Образ совершенного человека, нарисованный в «Дхаммападе», перекликается с евангельским: «Я называю брахманом того, кто не будучи виноватым, сносит упреки, наказания, заточение, у кого терпение — сила, и сила — войско». «Я называю брахманом того, с кого страсть и ненависть, и гордыня, и лицемерие спадают столь же легко, как горчичное зерно с острия шила...» «Нельзя ударить брахмана, но и брахман пусть не изливает свой гнев на обидчика. Позор тому, кто ударит брахмана, и еще больший позор излившему гнев на обидчика».

Разлитый повсюду

Буддийские памятники осуждают желание продлить человеческую жизнь — такую, какая она есть, в бесконечность. Только «добродетели, прославленные мудрым, не отуманенные желанием будущих жизней и верой в силу обрядов, ведут к светлым и высоким думам» («Книга великой кончины»). Надо желать не продления жизни, а ее преображения. Однако в буддизме, как и в индуизме, нет современного представления о неизбежной смерти всего человека вместе со смертью его тела.

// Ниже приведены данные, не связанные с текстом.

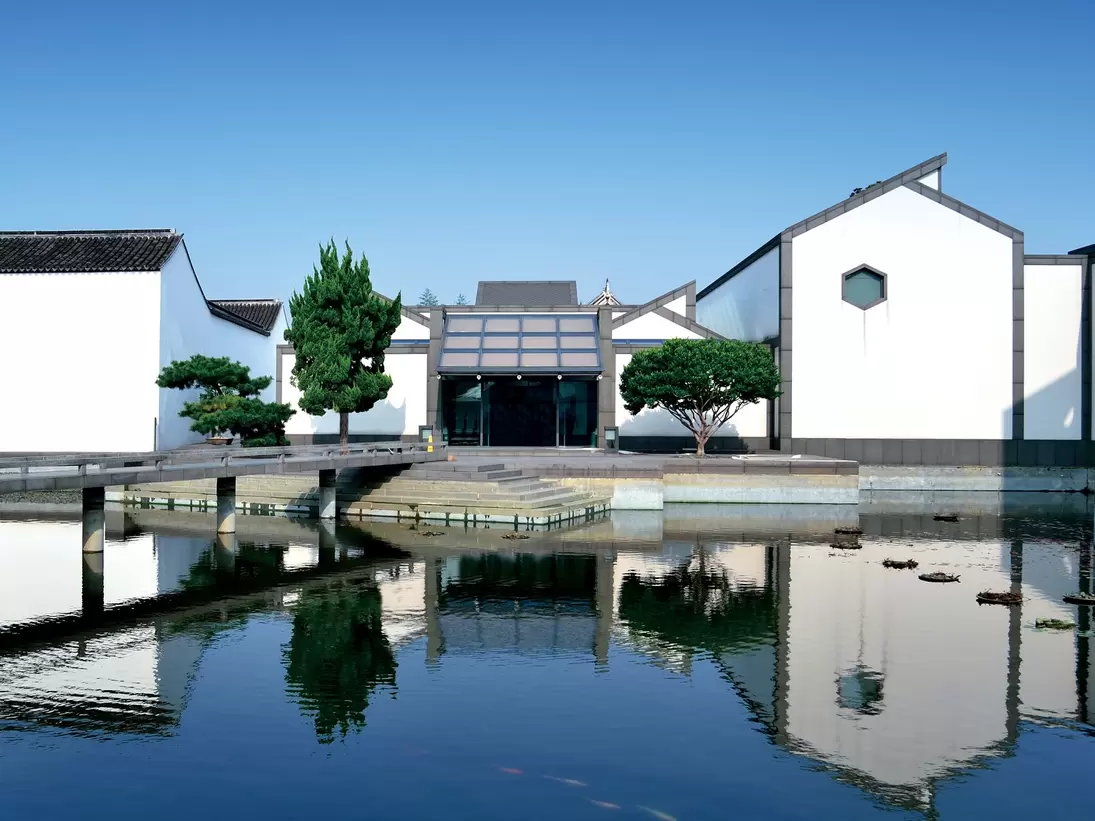 GettyImages-187386807.jpg
Chinese style garden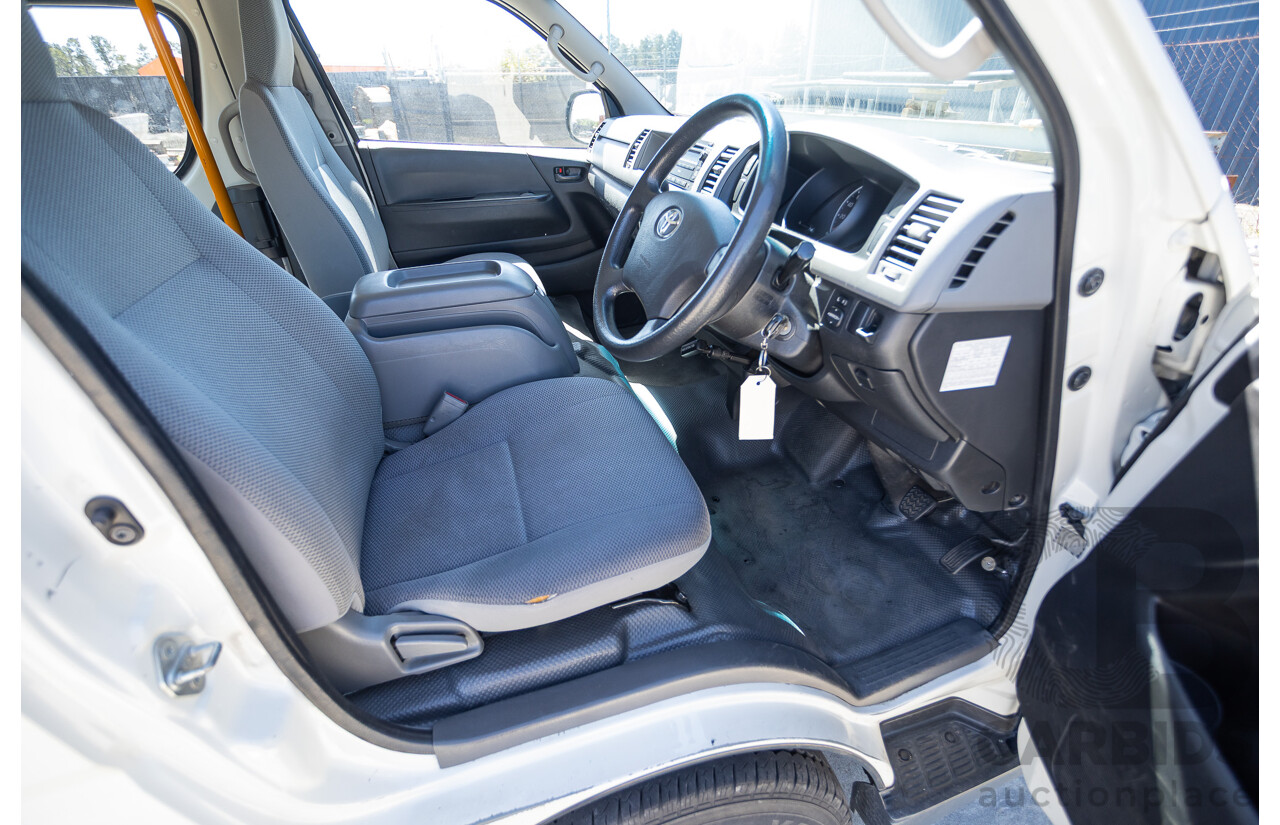 7/2008 Toyota Hiace Commuter KDH223R MY07 UPGRADE Bus White 3.0L - 10 seats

Чувство вселенской связи со всеми и со всем заставляет смотреть на индивидуальную жизнь, как на маленькое звено в какой-то большой цепи. Ничто не обрывается в пустоту, не пропадает. Ни один листок, ни один вздох, ни один поступок, ни одно качество человеческой души. Все это влияет на ход мировой жизни, все взвешено на каких-то тайных вселенских весах, все рождается вновь, но каждая новая форма, новая жизнь обусловлена тем, как жила и действовала прежняя форма, прежнее звено. Это носит в Индии имя «карма» — закон воздаяния. Судьба каждой души — следствие ее кармы. Другой аспект той же теории называется по-гречески метампсихозом — переселением душ*. Согласно этой теории, каждой душе надлежит пройти бесконечный путь по кругу перевоплощений, как бы обойти всю вселенную, перебираясь из одного образа в другой. Конец жизни — смерть — есть всего лишь мгновенная остановка, своеобразная пересадка в другой поезд — другое тело. Каждое новое тело предопределено кармой — заслугами или грехами жизни предыдущей.

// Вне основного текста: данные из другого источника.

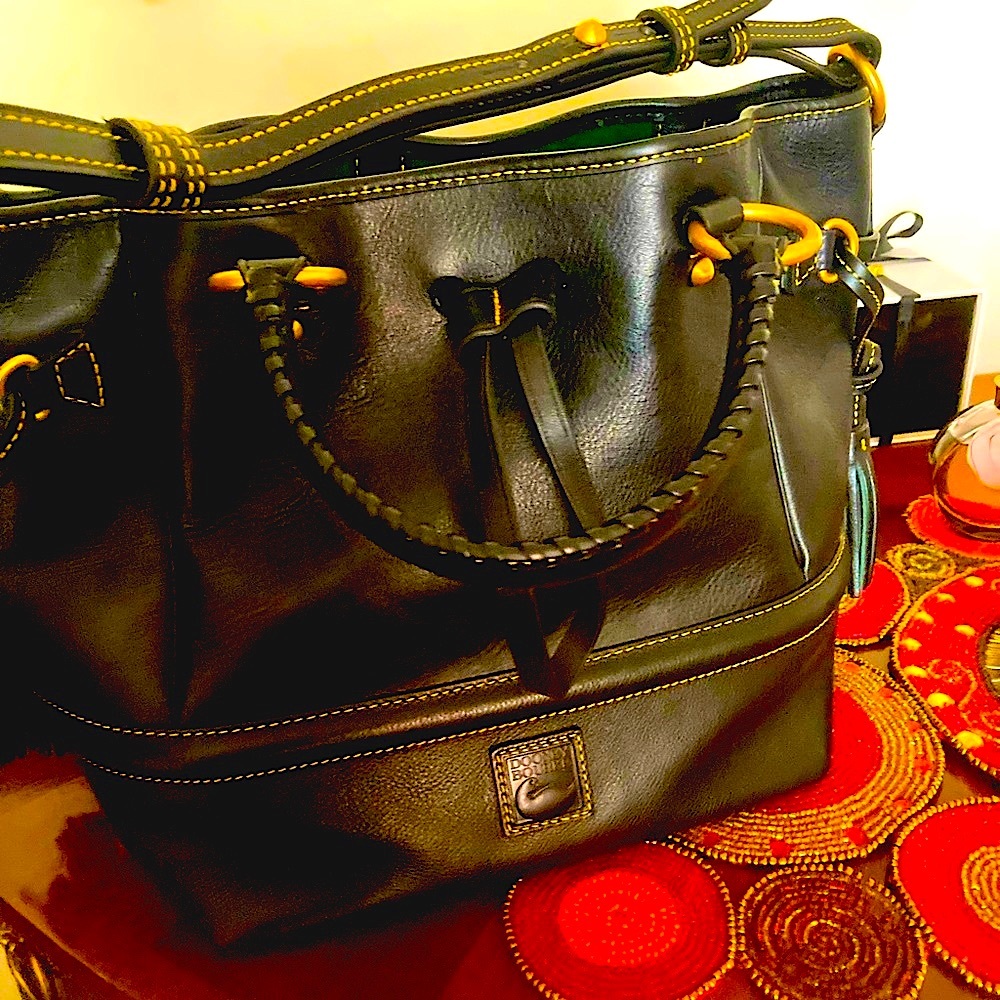 Dooney and Bourke Buckley bag in black. New.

Можно по-разному оценивать этот закон. В нем есть и какое-то предвосхищение теории наследственности, и какой-то подступ к идее исторической преемственности, сохранности поступков наших прапрадедов в сегодняшней жизни. Во всяком случае, всеобщая вера в метампсихоз и закон кармы была психологической реальностью в Индии. И она не позволяла видеть в Будде только

Будду- Вернее, жизнь Будды, с буддийской точки зрения, — это не только жизнь Гаутамы. Гаутама жил и умер, а Будда разлит повсюду. Он возрождается и возрождается в тысячах обликов (вовсе не обязательно человеческих). Будда (подобно Агни) находится во всем: в людях, в животных, в растениях, богах-стихиях старого пантеона.

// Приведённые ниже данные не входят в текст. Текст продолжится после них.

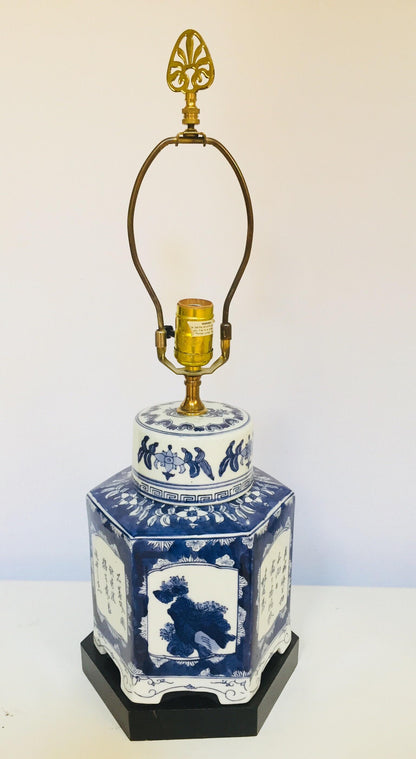 Pair of Blue and White Chinese Porcelain Tea Canisters Table Lamps — China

Притчи и сказки о предыдущих воплощениях Будды называются джатаками. В джатаках Будда существует в образе зайца, оленя, рыбы, черепахи, обезьяны, слона, святого отшельника, доброго царя, мудрого царевича. Иногда он принимает даже образ царя богов — Индры. Сам по себе образ не имеет значения. Будда одухотворяет и просветляет любой образ. Человеку (или богу) больше дано, чем животному, — ему легче выполнять вселенский закон добра и любви. Но принципиального превосходства человека (или бога) нет.